Wednesday 16 November 2011

Wednesday, November 16, 2011
Silahkan klik tulisan atau gambar untuk lanjut membaca Ketidakadilan dan Kekerasan Terhadap Perempuan di Papua, Masih Tinggi.
JAYAPURA (PAPUA) - Banyak persoalan ketidakadilan gender dan kekerasan terhadap kaum perempuan di Papua masih tinggi, pasalnya selama ini perempuan Papua lebih banyak menanggung beban kehidupan ekonomi atau tulang punggu ekonomi rumahtangga.

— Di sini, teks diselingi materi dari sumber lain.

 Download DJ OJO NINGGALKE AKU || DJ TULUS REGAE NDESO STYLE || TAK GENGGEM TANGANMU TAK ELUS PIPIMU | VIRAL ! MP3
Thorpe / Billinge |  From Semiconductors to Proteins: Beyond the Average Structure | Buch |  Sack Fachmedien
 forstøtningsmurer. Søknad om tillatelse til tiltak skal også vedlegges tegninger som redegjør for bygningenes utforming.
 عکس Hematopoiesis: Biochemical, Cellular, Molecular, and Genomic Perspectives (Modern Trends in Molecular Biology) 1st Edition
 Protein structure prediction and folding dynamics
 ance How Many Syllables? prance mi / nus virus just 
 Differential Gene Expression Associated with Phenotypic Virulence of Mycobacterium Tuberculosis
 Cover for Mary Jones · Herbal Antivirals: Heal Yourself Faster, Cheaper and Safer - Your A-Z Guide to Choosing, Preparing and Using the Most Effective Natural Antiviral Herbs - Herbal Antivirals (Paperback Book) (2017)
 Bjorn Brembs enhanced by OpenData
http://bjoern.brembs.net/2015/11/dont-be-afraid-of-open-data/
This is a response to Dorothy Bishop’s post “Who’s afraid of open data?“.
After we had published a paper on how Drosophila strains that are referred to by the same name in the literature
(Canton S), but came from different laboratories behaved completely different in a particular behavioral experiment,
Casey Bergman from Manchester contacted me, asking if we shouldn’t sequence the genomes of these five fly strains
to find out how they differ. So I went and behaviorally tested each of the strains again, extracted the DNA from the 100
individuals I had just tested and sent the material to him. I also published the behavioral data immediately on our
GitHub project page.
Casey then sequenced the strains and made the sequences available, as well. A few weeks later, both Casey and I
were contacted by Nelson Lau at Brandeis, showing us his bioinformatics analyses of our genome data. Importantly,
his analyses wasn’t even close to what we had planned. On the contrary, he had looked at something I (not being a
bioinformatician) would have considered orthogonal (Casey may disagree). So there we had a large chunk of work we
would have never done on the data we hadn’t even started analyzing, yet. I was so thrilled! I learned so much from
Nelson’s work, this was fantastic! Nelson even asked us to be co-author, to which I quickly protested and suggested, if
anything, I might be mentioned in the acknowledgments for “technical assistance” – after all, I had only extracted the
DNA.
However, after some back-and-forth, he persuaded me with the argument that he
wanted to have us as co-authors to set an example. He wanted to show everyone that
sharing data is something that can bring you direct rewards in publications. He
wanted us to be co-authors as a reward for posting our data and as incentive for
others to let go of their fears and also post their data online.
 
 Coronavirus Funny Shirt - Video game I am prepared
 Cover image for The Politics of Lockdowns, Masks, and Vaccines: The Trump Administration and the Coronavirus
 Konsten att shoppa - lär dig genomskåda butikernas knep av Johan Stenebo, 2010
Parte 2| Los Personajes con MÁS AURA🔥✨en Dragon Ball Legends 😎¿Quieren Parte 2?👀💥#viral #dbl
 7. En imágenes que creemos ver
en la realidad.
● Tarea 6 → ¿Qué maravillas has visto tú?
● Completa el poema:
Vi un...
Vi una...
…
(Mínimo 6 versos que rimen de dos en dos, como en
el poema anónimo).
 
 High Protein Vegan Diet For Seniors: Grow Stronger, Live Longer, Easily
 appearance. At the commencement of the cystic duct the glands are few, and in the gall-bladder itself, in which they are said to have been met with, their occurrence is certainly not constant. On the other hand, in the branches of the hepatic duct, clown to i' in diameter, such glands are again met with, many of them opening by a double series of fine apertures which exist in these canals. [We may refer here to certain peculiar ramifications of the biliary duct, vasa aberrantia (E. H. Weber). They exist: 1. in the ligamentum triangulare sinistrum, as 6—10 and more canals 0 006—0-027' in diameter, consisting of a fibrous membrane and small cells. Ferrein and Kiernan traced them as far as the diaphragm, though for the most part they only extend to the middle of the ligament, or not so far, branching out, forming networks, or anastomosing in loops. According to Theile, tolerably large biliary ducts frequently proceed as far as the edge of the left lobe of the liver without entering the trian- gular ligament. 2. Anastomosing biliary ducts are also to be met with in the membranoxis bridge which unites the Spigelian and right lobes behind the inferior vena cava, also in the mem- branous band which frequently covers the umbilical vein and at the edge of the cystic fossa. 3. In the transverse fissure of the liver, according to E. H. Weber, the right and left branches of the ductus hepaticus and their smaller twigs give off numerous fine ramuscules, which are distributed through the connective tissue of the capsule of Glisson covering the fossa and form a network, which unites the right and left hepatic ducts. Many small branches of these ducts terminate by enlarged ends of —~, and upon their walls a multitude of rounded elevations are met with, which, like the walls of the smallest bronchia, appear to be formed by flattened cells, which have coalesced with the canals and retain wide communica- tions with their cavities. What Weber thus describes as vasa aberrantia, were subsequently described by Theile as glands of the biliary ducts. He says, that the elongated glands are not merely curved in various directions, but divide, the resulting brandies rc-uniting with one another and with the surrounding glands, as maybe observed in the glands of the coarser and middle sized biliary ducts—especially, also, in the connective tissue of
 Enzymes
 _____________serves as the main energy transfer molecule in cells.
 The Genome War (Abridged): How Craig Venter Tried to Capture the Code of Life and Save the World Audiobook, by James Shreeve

Begitupula mengalami kesulitan untuk mendapatkan akses pendidikan dan pelayanan kesehatan serta kurangnya penghargaan terhadap kaum perempuan di bidang budaya, agama dan keagamaan.

Hal ini diungkapkan Yosehita Aron kepada tabloid jubi usai penutupan Lokakarya Kesetaraan dan Keadilan Gender serta Realitas Kekerasan terhadap Kaum Perempuan yang diselenggarakan Komisi Pemberdayaan Perempuan Keuskupan Jayapura bekerjasama dengan Counter Women Trafcking Commiission (CWTC) atau Ikatan Biarawati Seluruh Indonesia(IBSI) di Aula St Klaras Sentani, Minggu (06/11/2011).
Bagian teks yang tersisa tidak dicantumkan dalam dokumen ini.